Sejak dulu Lembang dikenal sebagai daerah pertanian. Masih banyaknya area perkebunan dan lahan pertanian menghadirkan pemandangan yang sejuk, hijau, asri, enak dipandang mata. Pergi ke Lembang adalah pelarian sejenak untuk refreshing dengan keindahan alamnya. Istilah anak zaman sekarang healing. Bukankah dekat dengan alam membuat kita selalu merasa lebih baik?

Suasana Lembang yang seperti ini disukai wisatawan lokal maupun luar kota/provinsi. Terbukti tiap akhir pekan arus kendaraaan dari dan ke arah Lembang selalu padat. Wisatawan lokal bisa plesir kesini dengan mudah tanpa perlu menginap. Tinggal pulang-pergi aja karena jaraknya dekat. Namun wisatawan luar kota atau provinsi terkendala jarak tempuh dan waktu untuk perjalanan, belum lagi sekarang sering macet parah.
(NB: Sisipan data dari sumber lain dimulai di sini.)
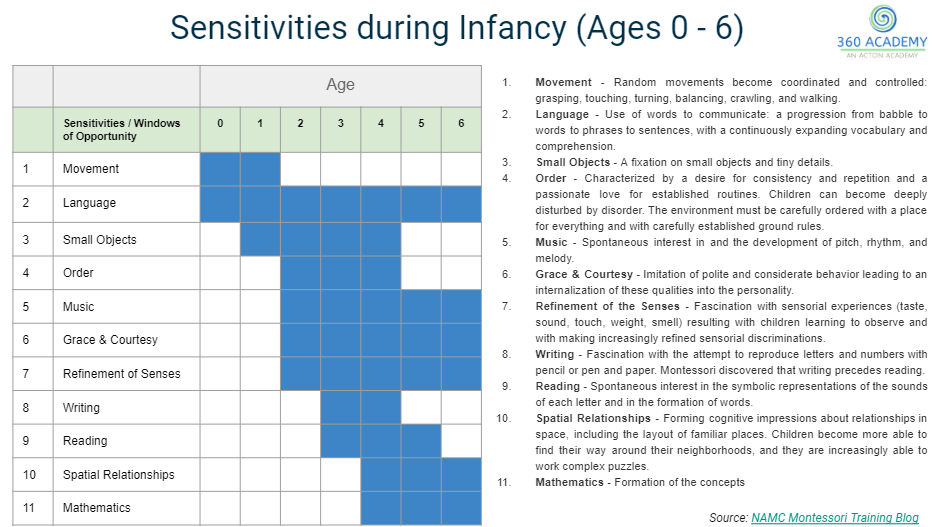 Maria-Montessori-Infancy-Early-Childhood-Sensitivities.png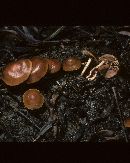 Pholiota prolixa image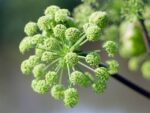 Angelica Liquid Extract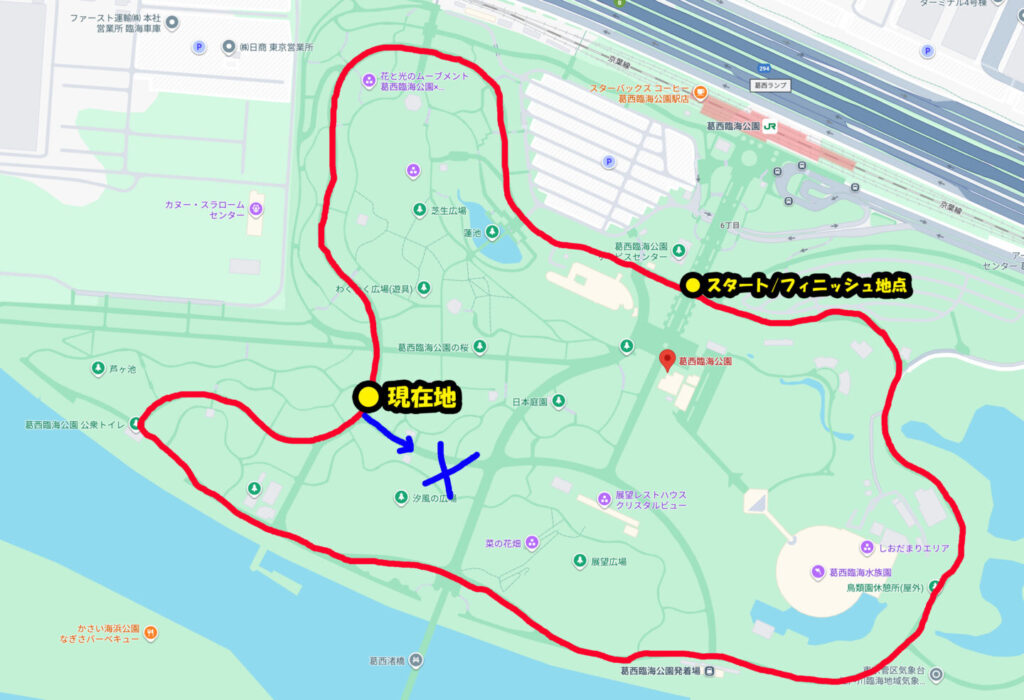 葛西臨海公園ランニングコース紹介|31らん(さいらん)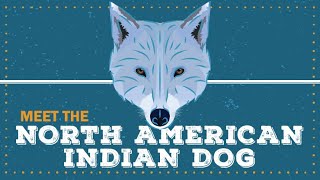North American Indian Dog | CKC Breed Facts & Profile by Continental Kennel Club, Inc. 5,395 views 1 year ago 4 minutes, 24 seconds
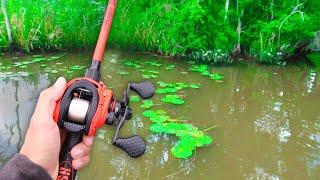 RECORD Day of FROG Fishing! (LOADED w/ GIANT Bass)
Rasanya kita lebih menyukai berhenti di satu tempat wisata yang mengakomodasi semuanya: ada atraksi wisatanya, bisa istirahat sejenak atau nginap, dan beli oleh-oleh. Semuanya di satu tempat yang sama, terpusat dan terintegrasi agar kita menempuh perjalanan dan berhentinya sekali aja. Tempat wisata dengan fasilitas seperti itu dikenal dengan istilah leisure park atau taman wisata.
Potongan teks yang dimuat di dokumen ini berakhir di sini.